- Task brief -
Could you output each record below exactly as it stands and leave the pictures out?

(Collection entries)
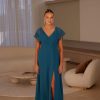 TO2498 Tania Olsen Hudson Bridesmaid Dress a V-neckline with cross-over pleated detailing heer georgette flutter sleeves
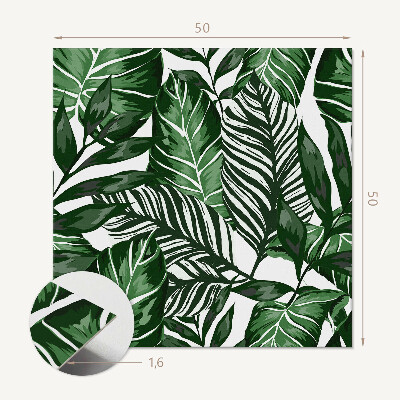 Panou decorativ bucatarie pătrat Model de frunze tropicale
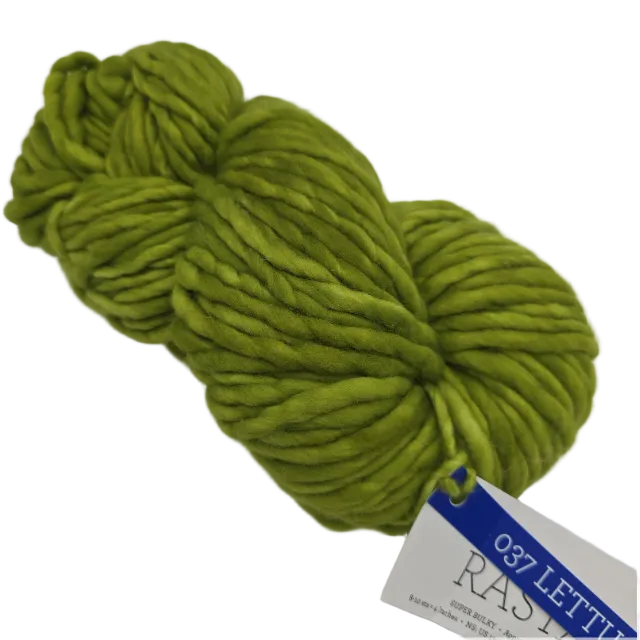 Image of single hank of Rasta Yarn by Malabrigo  in color 037 Lettuce with partial label on a white background.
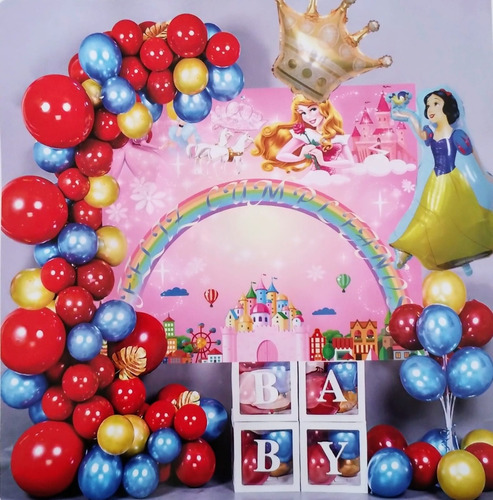 Globos Decoración Fiesta Cumpleaños Kit Arco Princesas Rojo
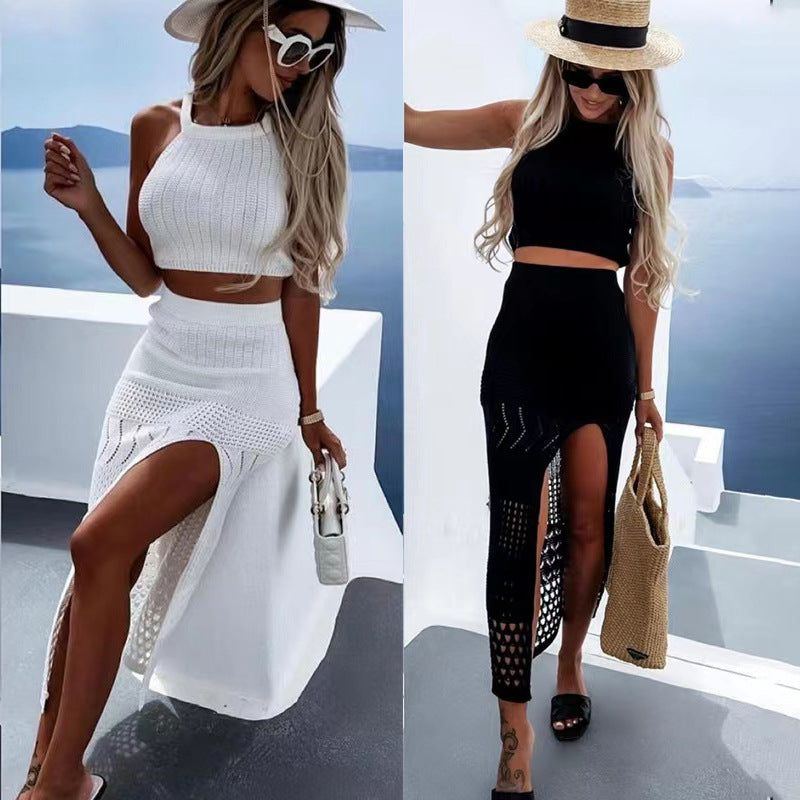 Dame strik sæt med forførende slids og trendy hækle mønster Stilla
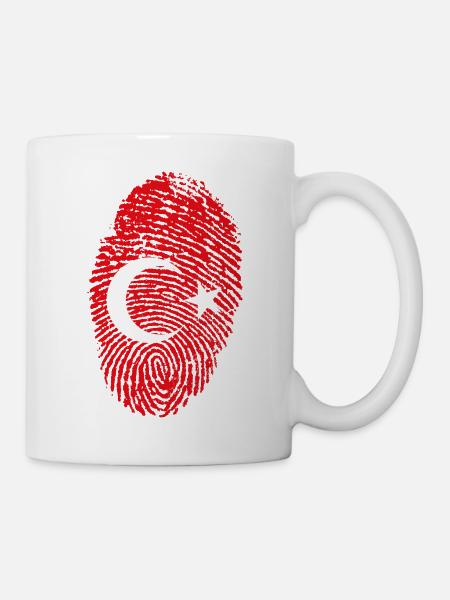 Dinde d'empreintes digitales - Mug blanc - blanc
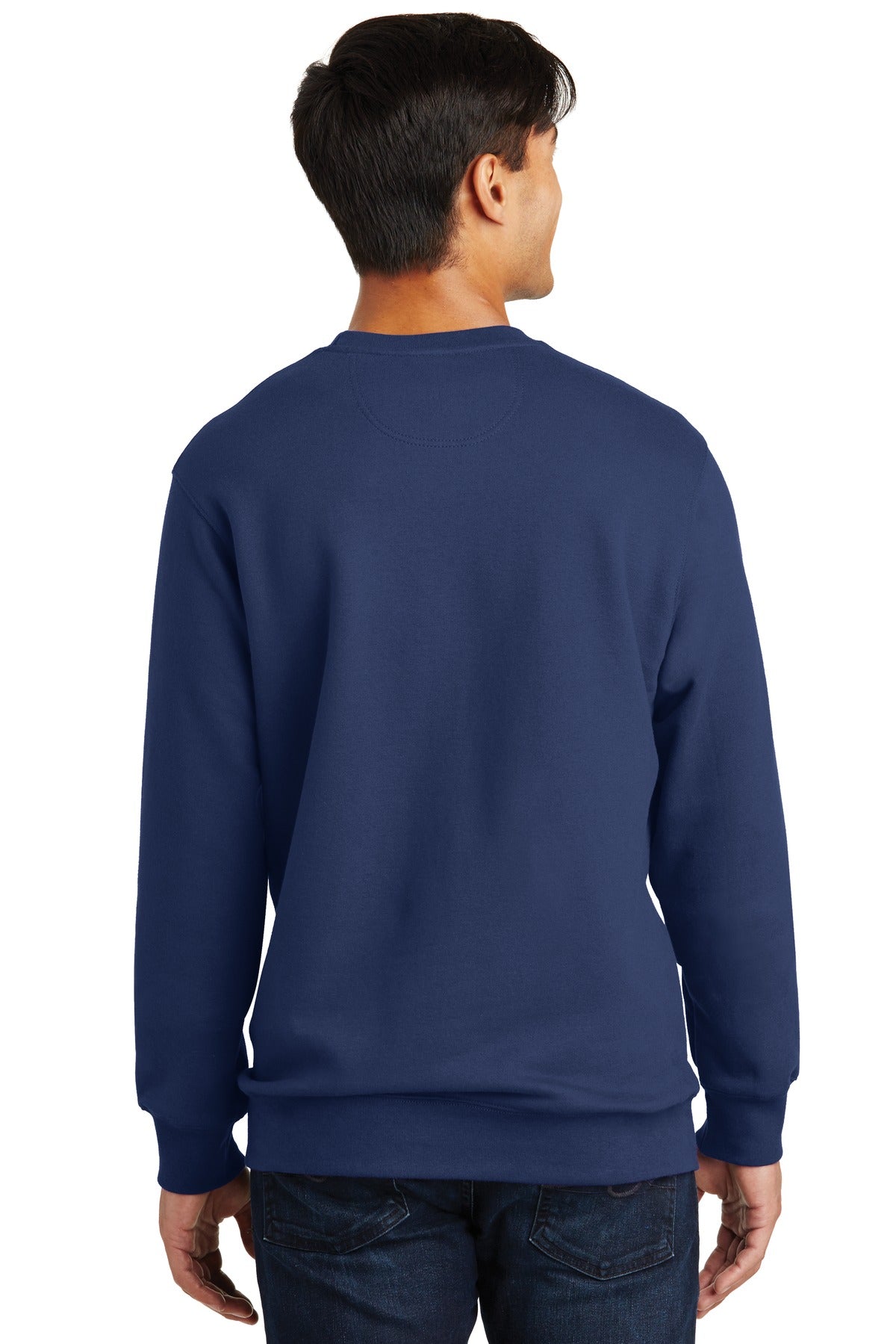 Custom Embroidered Port & Company Fan Favorite Fleece Crewneck Sweatshirt. PC850,Team Navy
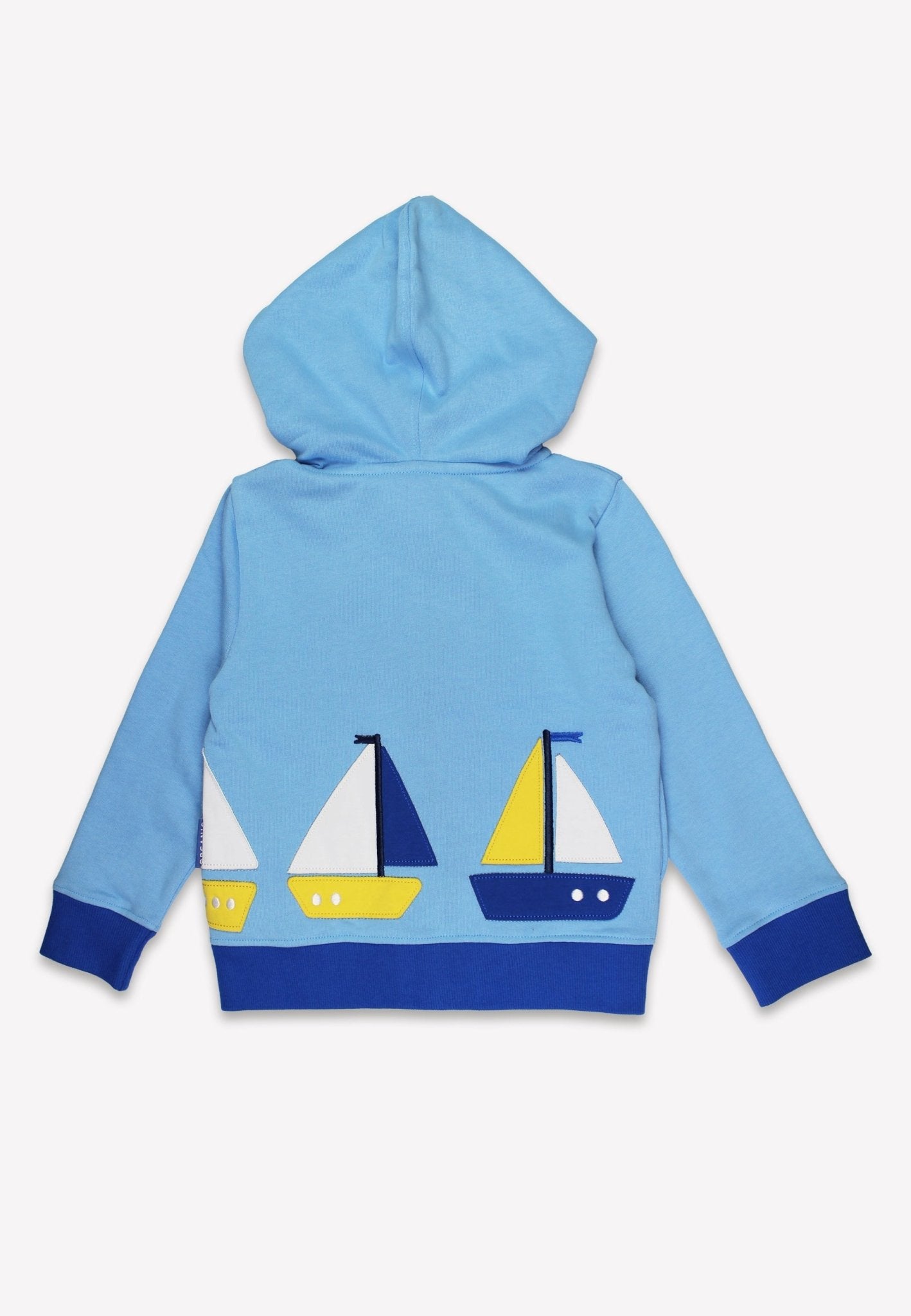 Bio - Baumwoll Kinder Sweatjacke mit Kapuze und Segelboot - Applikation - Toby Tiger GmbH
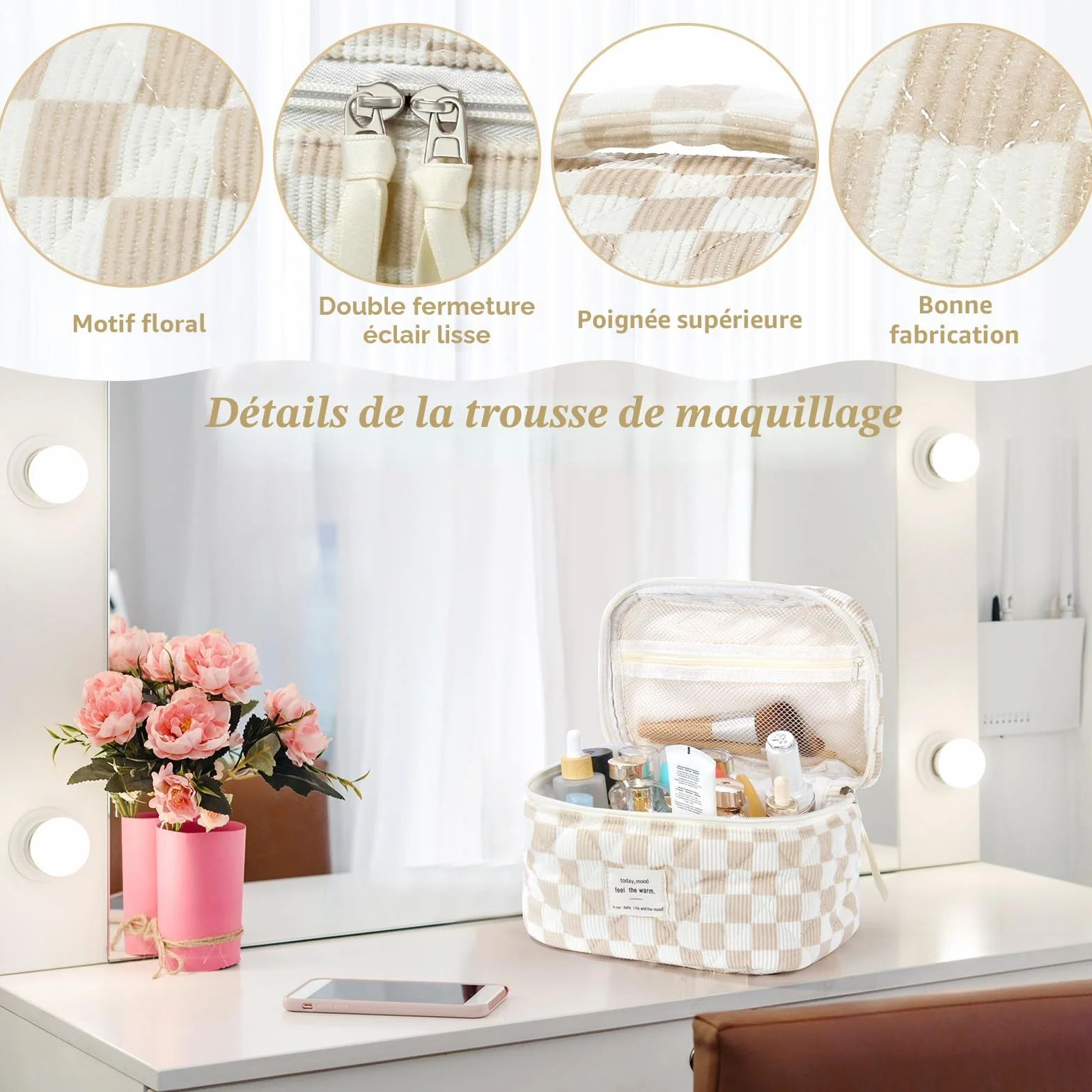 Lot de 3 Trousses de Toilette pour Femme Motif Floral Matelassée Portable Voyage (Kaki)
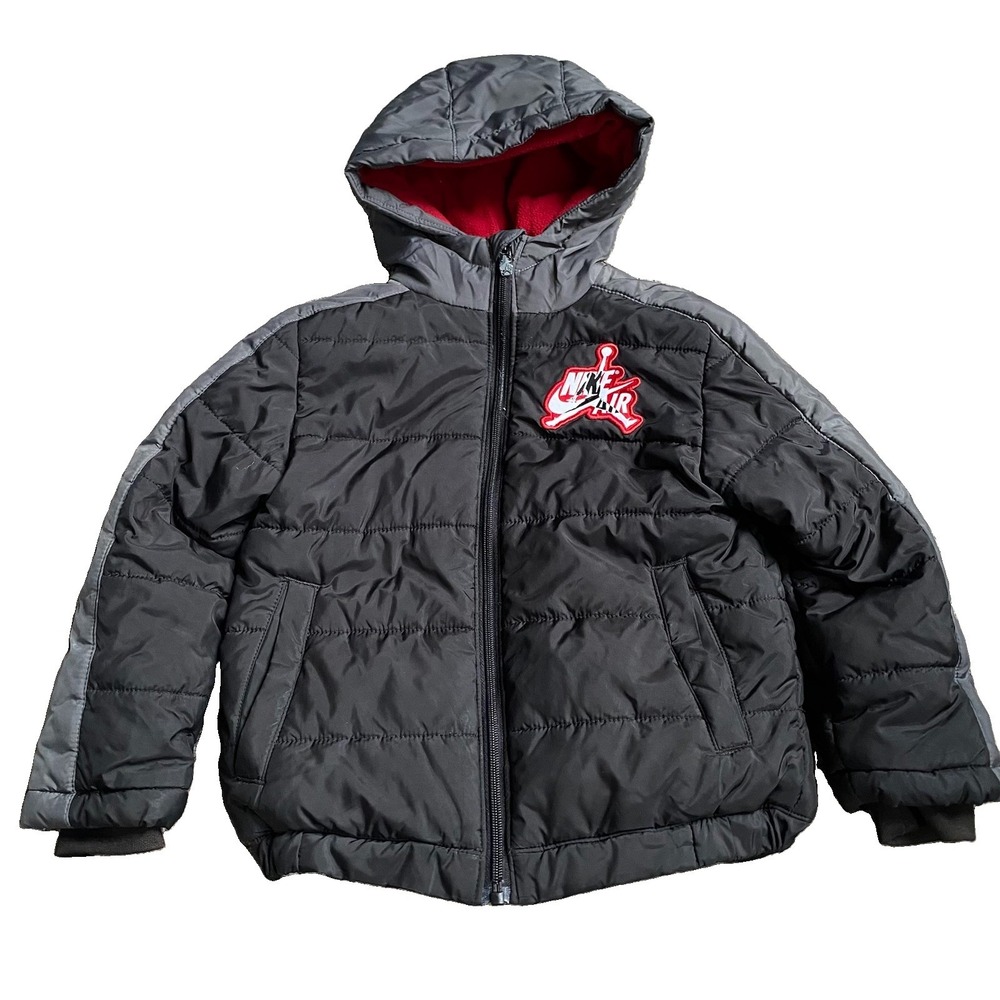 Nike Air Jordan Hooded Puffer Boys 3-4/104cm Black Gray Winter Lined Fleece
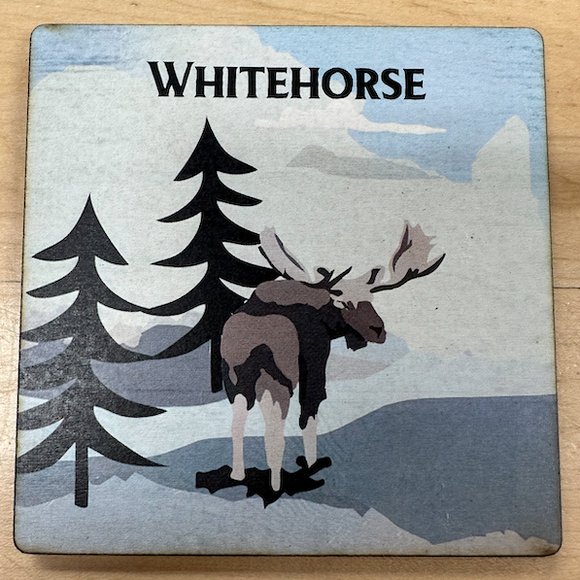 Wooden Coaster, Moose Looking Back Caricature - Whitehorse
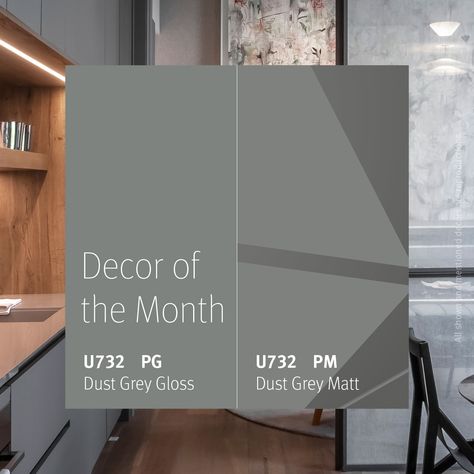 Our November Decor of the Month, U732 Dust Grey in PerfectSense, can be sleek in a high gloss finish, or a sophisticated, with an ultra matte texture. The contrast of these two textures in the same space creates elegance and drama, as seen in this modern kitchen. The neutral tones of Dust Grey allow it to pair well with a variety of colors and texture, including woodgrains like H1180 ST37 Natural Halifax Oak. Halifax Oak Kitchen, Egger Wardrobes, Cashmere Grey Egger, Olive Egger Rooster, November Decor, Olive Egger, Ultra Modern Kitchen, Matte Texture, Perfect Sense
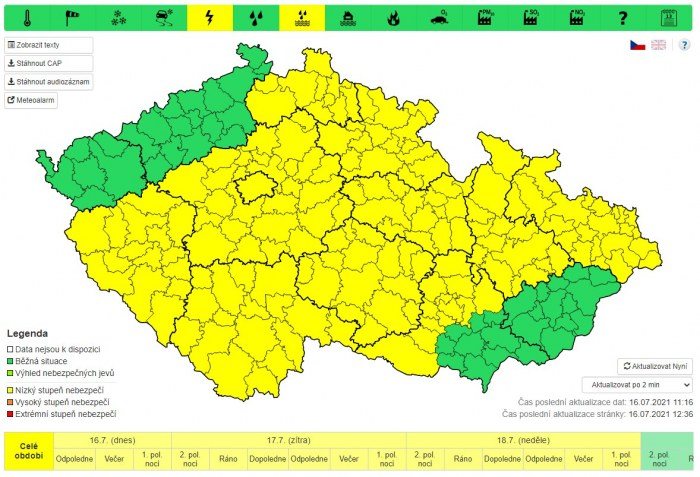 Meteorologické upozornění od ČHMÚ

- Result of this task -
 TO2498 Tania Olsen Hudson Bridesmaid Dress a V-neckline with cross-over pleated detailing heer georgette flutter sleeves
 Panou decorativ bucatarie pătrat Model de frunze tropicale
 Image of single hank of Rasta Yarn by Malabrigo  in color 037 Lettuce with partial label on a white background.
 Globos Decoración Fiesta Cumpleaños Kit Arco Princesas Rojo
 Dame strik sæt med forførende slids og trendy hækle mønster Stilla
 Dinde d'empreintes digitales - Mug blanc - blanc
 Custom Embroidered Port & Company Fan Favorite Fleece Crewneck Sweatshirt. PC850,Team Navy
 Bio - Baumwoll Kinder Sweatjacke mit Kapuze und Segelboot - Applikation - Toby Tiger GmbH
 Lot de 3 Trousses de Toilette pour Femme Motif Floral Matelassée Portable Voyage (Kaki)
 Nike Air Jordan Hooded Puffer Boys 3-4/104cm Black Gray Winter Lined Fleece
 Wooden Coaster, Moose Looking Back Caricature - Whitehorse
 Our November Decor of the Month, U732 Dust Grey in PerfectSense, can be sleek in a high gloss finish, or a sophisticated, with an ultra matte texture. The contrast of these two textures in the same space creates elegance and drama, as seen in this modern kitchen. The neutral tones of Dust Grey allow it to pair well with a variety of colors and texture, including woodgrains like H1180 ST37 Natural Halifax Oak. Halifax Oak Kitchen, Egger Wardrobes, Cashmere Grey Egger, Olive Egger Rooster, November Decor, Olive Egger, Ultra Modern Kitchen, Matte Texture, Perfect Sense
 Meteorologické upozornění od ČHMÚ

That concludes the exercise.